Şık bir genç kadın, üzerinde çiçek desenli bir günlük elbise ile, coşkulu bitkilerden oluşan bir arkaplanın önünde bir şemsiye tutuyor. İzleyicinin hayran bakışlarının farkında olsa da, letafet ve kayıtsızlığın bir resmi olarak dümdüz ileri bakıyor.
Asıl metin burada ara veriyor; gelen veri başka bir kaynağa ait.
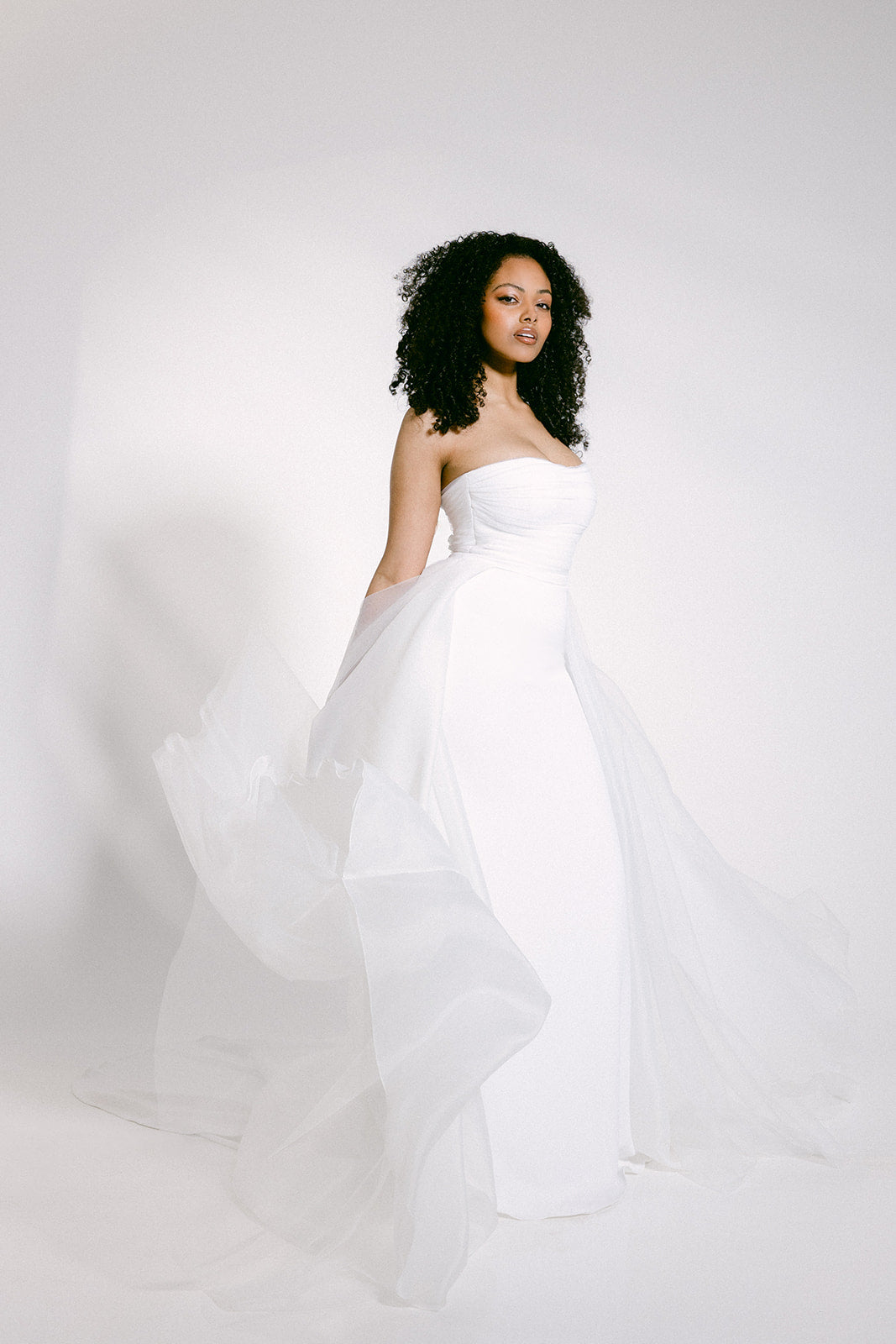 Mae Overskirt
Parisli aktris Jeanne Demarsy'yi İlkbahar'ın vücut bulmuş hali olarak sunan bu portre, Manet'nin hayatının son büyük sergisinde, 1882'de Paris Salonu'nda görücüye çıktı. Yirmi yıldan fazla bir süre boyunca, Manet'nin eserleri Salon tarafından reddedilmiş veya tartışmalarla karşılaşmıştı; İlkbahar, Manet'nin başladıktan bir sene sonra sifilis ile ilgili sebeplerden hayatını kaybetmesi ile trajik bir şekilde sonlanan Salon kariyerinin en saf başarısıydı.
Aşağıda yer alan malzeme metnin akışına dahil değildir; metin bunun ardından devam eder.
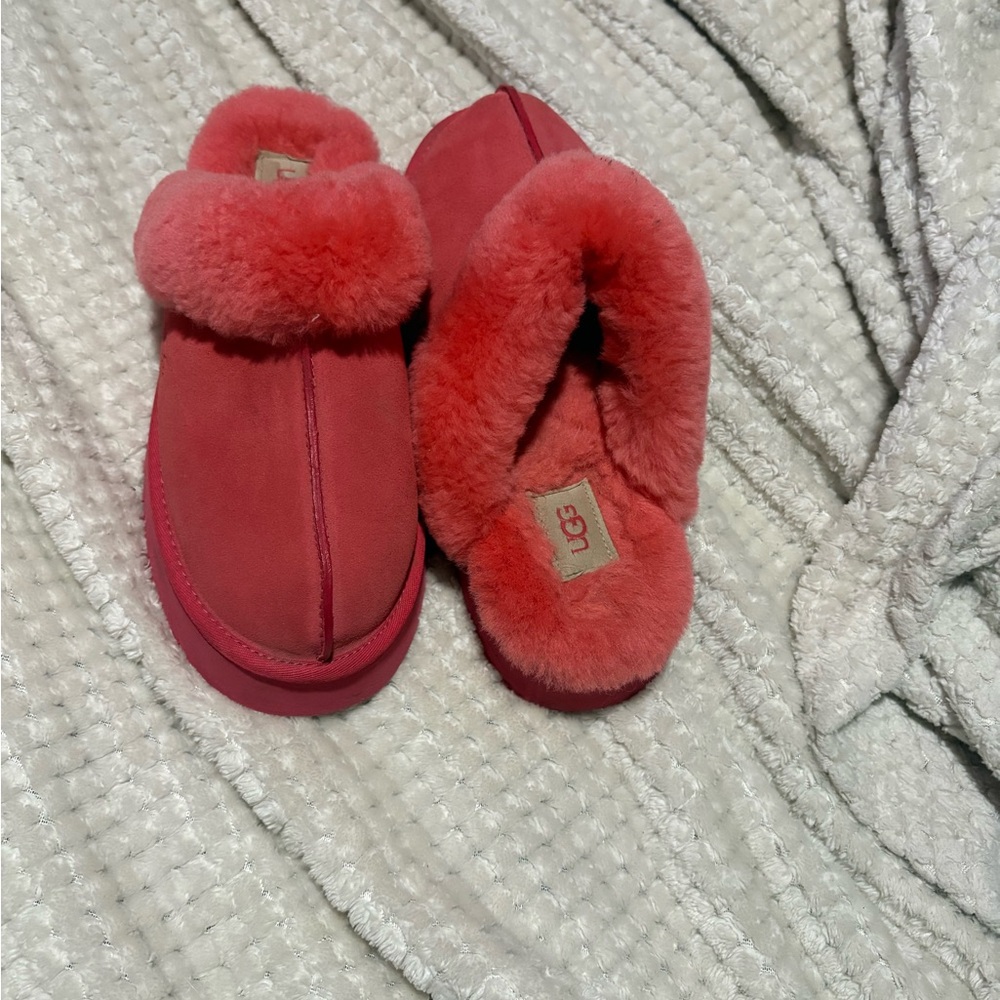 UGG Disquette Slippers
Öncelikli olarak Jeanne'in cazibesiyle eleştirmenlere hitap eden İlkbahar, aynı zamanda Manet'nin yağlı boya üzerindeki ustalığını da sergiliyor. Eser, elbisenin üzerindeki ince ve narin çiçek dokunuşlarından Jeanne'in yüzünün pürüzsüz işlenişine ve zemindeki geniş, eskiz benzeri fırça darbelerine kadar, müthiş bir fırça çalışması çeşitliliği gösteriyor. Eserin duyusal ele alınışı ve parlak, canlı renk paleti; kutladığı mevsimin zevklerini uyandırıyor. Manet İlkbahar'ı oluştururken, hem en son moda trendlerini hem de eski sanatsal gelenekleri göz önünde bulundurmuş. Kadın modasının büyük bir meraklısı olan Manet, terzileri ve şapkacıları tarayarak Jeanne'in kıyafetini kendisi bir araya getirmiş. Stüdyoda modeline poz verdirirken ise; onu uyarı boyda, profilden, bir yeşillik kütlesinin önünde resmederek erken İtalyan Rönesansı'nın portre geleneklerine atıfta bulunmuş. Manet'nin arketipik İlkbahar'ı yalnızca geçici bir 'elbise modeli illüstrasyonu' değil, moden çağı güzel bir Parisli kadın üzerinden özetleyen, uzun ömürlü bir eser olarak tasarlanmış.